Though the enthralling “Dido and Aeneas” features the Mark Morris Dance Group in ingenious choreography by Morris, the music, most especially the singing of Stephanie Blythe, is the star of the show. Choreographed in 1989 to the splendid Henry Purcell opera of the same title, “Dido and Aeneas” places the score at the forefront of the aesthetic experience. While 18 dancers occupy the stage, and the instrumentalists, choir, and vocal soloists are relegated to the orchestra pit, most of the time the faces of the solo singers are brightly spotlighted, while the dancers perform under muted illumination (designed by James F. Ingalls).
The engulfing voice of mezzo-soprano Blythe is so magnificent that whenever she sings, despite a stage full of dancers, one’s focus shifts downward, searching for the source of the powerful sounds. Blythe sings the roles of Dido and the Sorceress and is brightly supported by sopranos Yulia Van Doren and Clarissa Lyons, also in dual roles, as Dido’s friends and the Sorceress’ witches. (In the opera, the gods and goddesses who manipulate the lovers Dido and Aeneas in the Greek myth are replaced by witches.) The gorgeous baritone of Joshua Jeremiah (as Aeneas), Stephen Sands’ crystalline tenor (in a small solo role), and the airy singing of the Trinity Choir round out the show’s delightful rainbow of musical colors.
In addition to the superlative musicians, what calls so much attention to the goings-on in the orchestra pit during this dance production is the presence of Morris on the conductor’s podium. How often does a world-class choreographer pick up the baton and conduct the musical piece to which his company is performing, particularly when it’s an opera? Intrigued with Morris’ ability to do this, one finds it tempting to divert attention from the stage and steal glimpses of him “at work” with the musicians.
With Christine Van Loon’s plain black costumes that barely distinguish one character from another, save for Dido’s alarming metallic fingernails, and a grubby turquoise-and-brown backdrop that looks like an abstract map of the Aegean Sea hung by third-graders, the show blatantly de-emphasizes visual spectacle. It is all about sound and body movement.

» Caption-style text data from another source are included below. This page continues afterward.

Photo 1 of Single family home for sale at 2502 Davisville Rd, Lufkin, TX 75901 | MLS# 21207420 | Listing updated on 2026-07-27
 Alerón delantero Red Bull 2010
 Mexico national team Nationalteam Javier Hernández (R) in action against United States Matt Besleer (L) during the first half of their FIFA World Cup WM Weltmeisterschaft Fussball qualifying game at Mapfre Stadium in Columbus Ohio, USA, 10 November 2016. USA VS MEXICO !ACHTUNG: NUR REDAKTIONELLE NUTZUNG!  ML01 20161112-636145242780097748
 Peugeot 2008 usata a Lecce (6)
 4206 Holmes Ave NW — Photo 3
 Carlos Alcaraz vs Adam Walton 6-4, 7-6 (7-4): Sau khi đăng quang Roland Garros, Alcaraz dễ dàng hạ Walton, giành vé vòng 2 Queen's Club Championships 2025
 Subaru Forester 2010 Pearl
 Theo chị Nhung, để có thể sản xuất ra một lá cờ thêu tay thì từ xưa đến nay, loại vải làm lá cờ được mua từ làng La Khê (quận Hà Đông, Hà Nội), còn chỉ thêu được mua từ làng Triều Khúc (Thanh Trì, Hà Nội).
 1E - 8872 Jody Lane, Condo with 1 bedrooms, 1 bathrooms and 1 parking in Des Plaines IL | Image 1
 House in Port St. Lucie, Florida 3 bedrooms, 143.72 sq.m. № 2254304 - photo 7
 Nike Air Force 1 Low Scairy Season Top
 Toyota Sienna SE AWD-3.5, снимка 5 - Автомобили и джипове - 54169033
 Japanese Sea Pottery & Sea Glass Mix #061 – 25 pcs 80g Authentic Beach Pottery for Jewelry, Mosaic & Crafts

Using a lively vocabulary of quirky contemporary actions—seasoned with two-dimensional shapings that recall ancient Greek pottery designs—and an abundance of detailed hand movements, Morris has concocted a brilliant choreographic hybrid, integrating a dramatic and musical approach simultaneously. It is the rare choreographer who can use dance to effectively tell a story while also creating pure-movement pieces that express the qualities of a musical score. In this work Morris amazingly does both, in the same piece and at the same time. While employing a diverse palette of kinetic energies and spatial patterns to capture the rhythms, textures, and melodies of the score, he constructs those choreographic statements out of movements that signify the narrative. While an opera’s drama is fully present in its music, Morris has created a transparent choreographic container that exposes exactly how that happens.